Below this is combining the two vectors into one vector.

cinemark_sentiment$book <- "Cinemark"
esquire_sentiment$book <- "Esquire"

combined_sentiment <- 
  bind_rows(cinemark_sentiment,esquire_sentiment)

The the final step it to put it into a graph with the code below.

combined_sentiment %>% 
  ggplot(aes(x=sentiment, y = `Percent of scoreable words`, fill=book))+
  geom_col(position = "dodge") +
  scale_fill_brewer(palette="Set1") +
  scale_y_continuous(labels = scales::percent) +
  labs(title = "A comparison of the emotive sentiments found in Cinemark and Esquire movie Theathers",
       subtitle = "Using the NRC Lexicon (Mohammad and Turney, 2013), shown as a percent of scorable words",
       x = "Sentiment",
       fill = "Book")

In this graph the first look at negative and positive and it is clear to see that people have more positive opinions about Esquire and more negative opinions about Cinemark and the difference between both is similar. It is also interesting to note that people fear but also trust Cinemark more than Esquire which seems that it could contrast each feeling. The biggest difference is the amount more of surprise that people have for Esquire. It seems that people have feeling that do not really make sense and do not go with each other that negative and positive.

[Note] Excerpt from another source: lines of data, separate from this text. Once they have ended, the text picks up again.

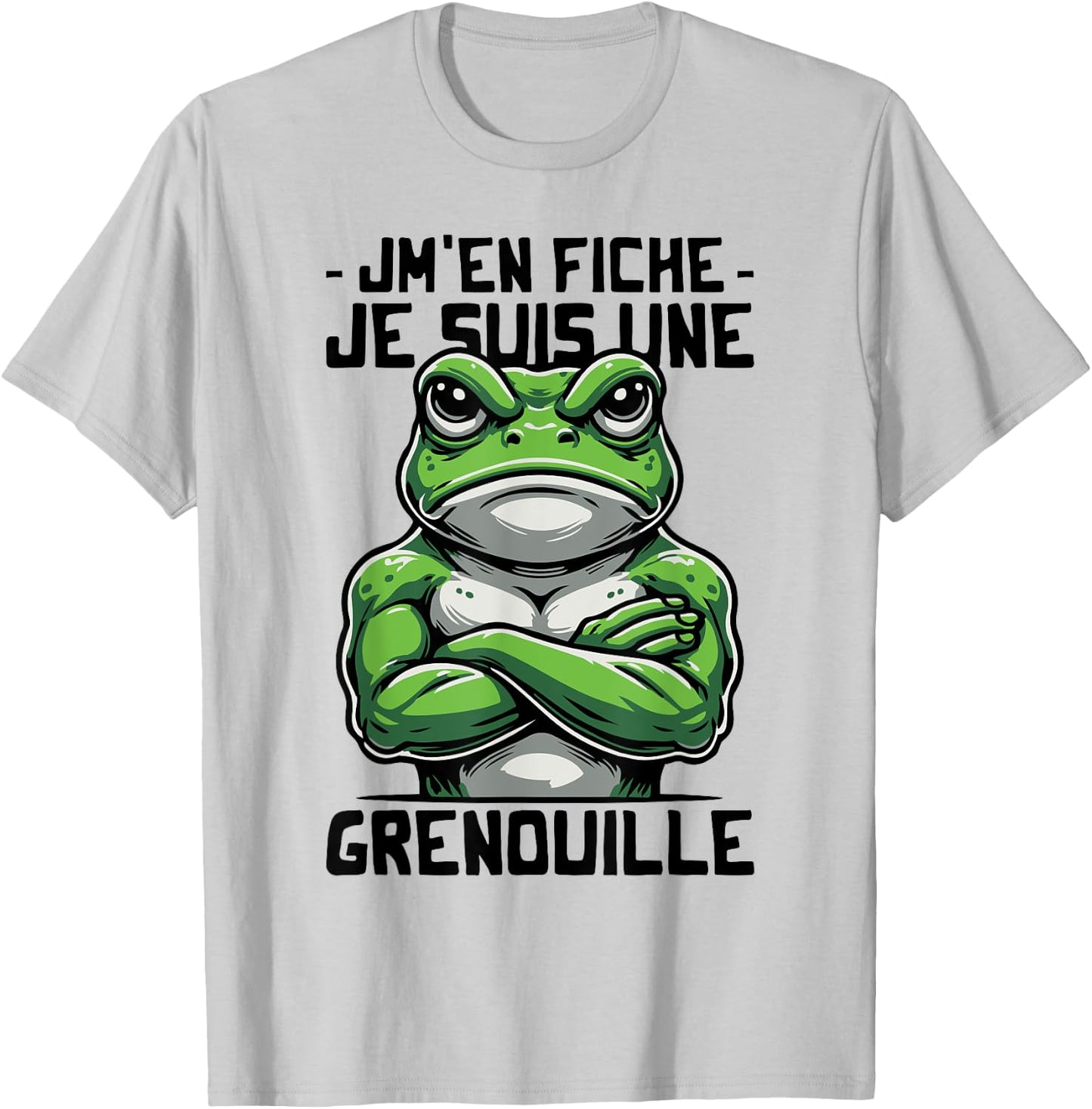 Frog Woman Girl Boy Je suis une Grenouille , white, S T-Shirt - T-Shirt | Ash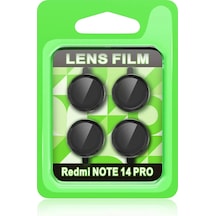 Redmi Note 14 Pro 5g Raze Metal Kamera Lens - Siyah
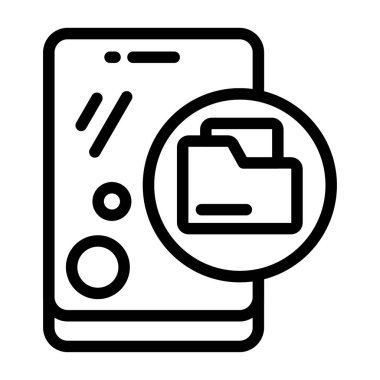 Dosya Yöneticisi simgesi, beyaz geri gorund, vektör illüstrasyonu  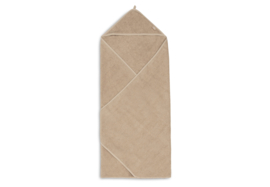 Badcape Badstof Biscuit 100x100cm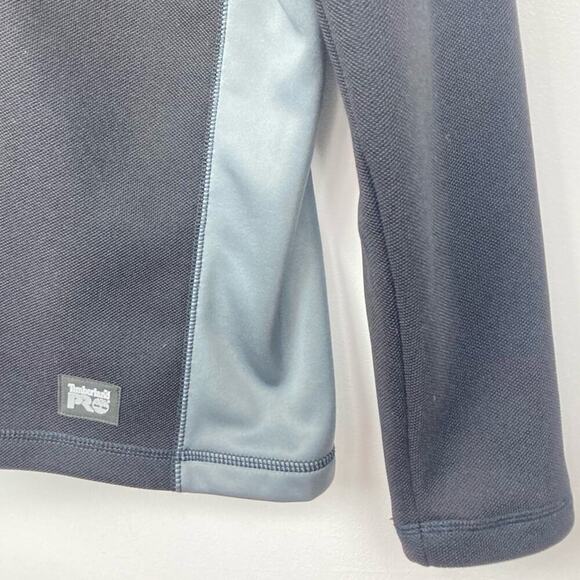TIMBERLAND Pro Studwall Quarter-Zip Textured Fleece in Black - Picture 9 of 15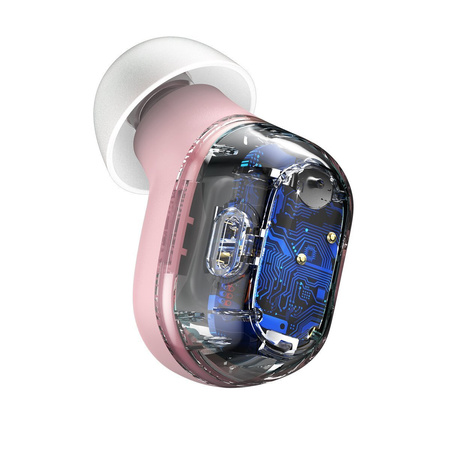 Wireless headphones Baseus Encok WM01, Bluetooth 5.0 (pink)
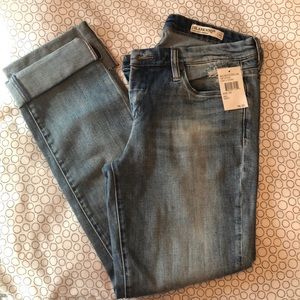Blanknyc deep cuff straight jeans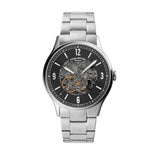 Fossil Forrester Automatic Skeleton Black Dial Silver Steel Strap Watch for Men - ME3180 Buy Now By Fossil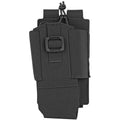 Blackhawk 37FS50BK Foundation Series Black Nylon MOLLE-Compatible Radio Pouch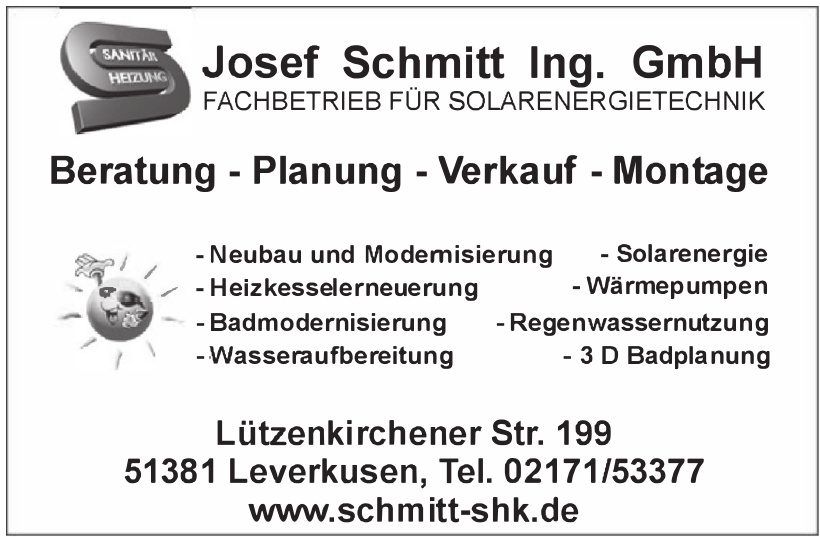 Josef Schmitt Ing. GmbH Josef Schmitt Ing. GmbH
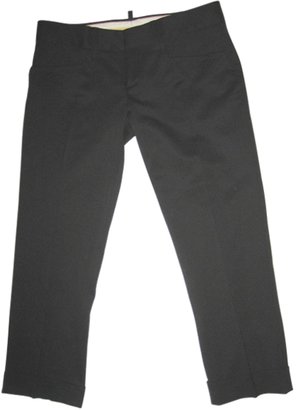 DSQUARED2 Black Wool Trousers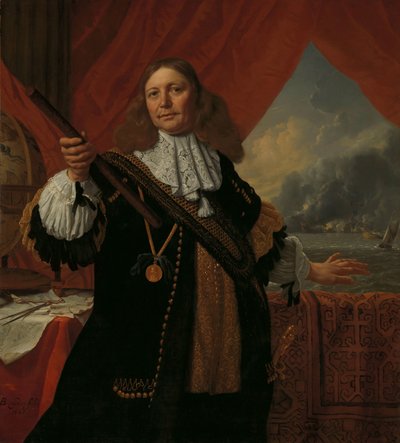 Johan de Liefde (ca. 1619-73), Vizeadmiral von Bartholomeus van der Helst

Question 3: What is the the the average rating of each movie theater over the time reviewed?

In this question the first step is to create a label for each review and then combine each review so that they are both in one to compare each theater. Below is the code to achieve this task.

cinemark_reviews$theater <- "Cinemark"
esquire_reviews$theater <- "Esquire"
combined_reviews <-
  bind_rows(cinemark_reviews,esquire_reviews)

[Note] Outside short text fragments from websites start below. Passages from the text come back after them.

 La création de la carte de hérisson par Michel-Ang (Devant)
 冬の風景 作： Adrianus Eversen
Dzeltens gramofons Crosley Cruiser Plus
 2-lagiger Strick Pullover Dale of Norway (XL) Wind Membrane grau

The next step is to graph the the results on a scatter plot graph which the code for doing is below as well as the graph it provides.

combined_reviews %>% 
  group_by(theater) %>% 
  ggplot(aes(x = review_date , y = review_rating, color = theater)) +
  geom_point(alpha = .75) +
  labs(title = "Review Scores Over Time for Each Review Rating",
       x = "Date",
       y = "Review Rating")

In this graph the obvious can be seen that Cinemark was opened later because they reviews start at a later date. When the first reviews for Esquire started to come in they were all very positive and took a few years before they went down. The reviews for Cinemark seem to be all over the place and have no real idea of what it should be rated. The last point is that Esquire has not revived a 1 star review.